Mikrowakacje w korporacji. Jak pojechać na wczasy, nie mając urlopu
Nie dostałeś urlopu, żeby wyjechać na zasłużone wakacje? Marzy ci się szum morza, śpiew ptaków i hebanowa opalenizna? Wcale nie musisz jechać na wczasy. Możesz spokojnie spędzić biurowe mikrowakacje, nie opuszczając miejsca pracy.
Nie masz czasu na urlop albo skończył się zbyt szybko? Nie martw się, są sposoby, by tak zorganizować sobie przestrzeń i czas w biurze, abyś czuł się jak na urlopie. Prawie jak na urlopie. I słowo prawie tym razem także robi różnicę.
Postawienie miski z piaskiem z plaży (przywiezionym przez znajomego - szczęśliwca, któremu udało się wyjechać) pod biurkiem, to idealny pomysł na relaks. Tak samo jak 15-sekundowe medytacje, które pozwolą zapomnieć przez chwilę, gdzie jesteśmy. Okazuje się, że pracownicy korporacji mają inne, równie ciekawe pomysły na spędzenie urlopu w pracy. I nie chodzi o przynoszenie kotletów z domu jako all inclusive czy ucinanie sobie potajemnie krótkich drzemek, siedząc w biurze w okularach przeciwsłonecznych i udając, że przechodzimy właśnie zapalenie spojówek. Nie chodzi także o stawianie wiatraka na stole, by czuć powiew bryzy morskiej, ani trzymanie na biurku różowego flaminga.

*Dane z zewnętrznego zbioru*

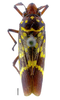 Habitus, dorsal view: !! display not done !! on Cicciana latreillei (Distant, 1908): Specimen from Parque Nacional do Itatiaia, Southeastern Brazil, by C. M. F. Silva 2014. (Observation).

Są inne sposoby, którymi dzielą się ze sobą w żartach "korposzczury".
Biurowe wędkowanie
Cisza, spokój, gładka tafla jeziora. I te ryby, właściwie same wskakujące do łodzi. Teraz możesz mieć te same przeżycia, nie wychodząc poza budynek swojej korporacji. No... prawie. Tylko jezioro będzie odrobinę mniejsze i rybki trochę mniej żywe. Ale za to przez cały połów nie będziesz musiał wstawać z krzesła. Lub z tronu.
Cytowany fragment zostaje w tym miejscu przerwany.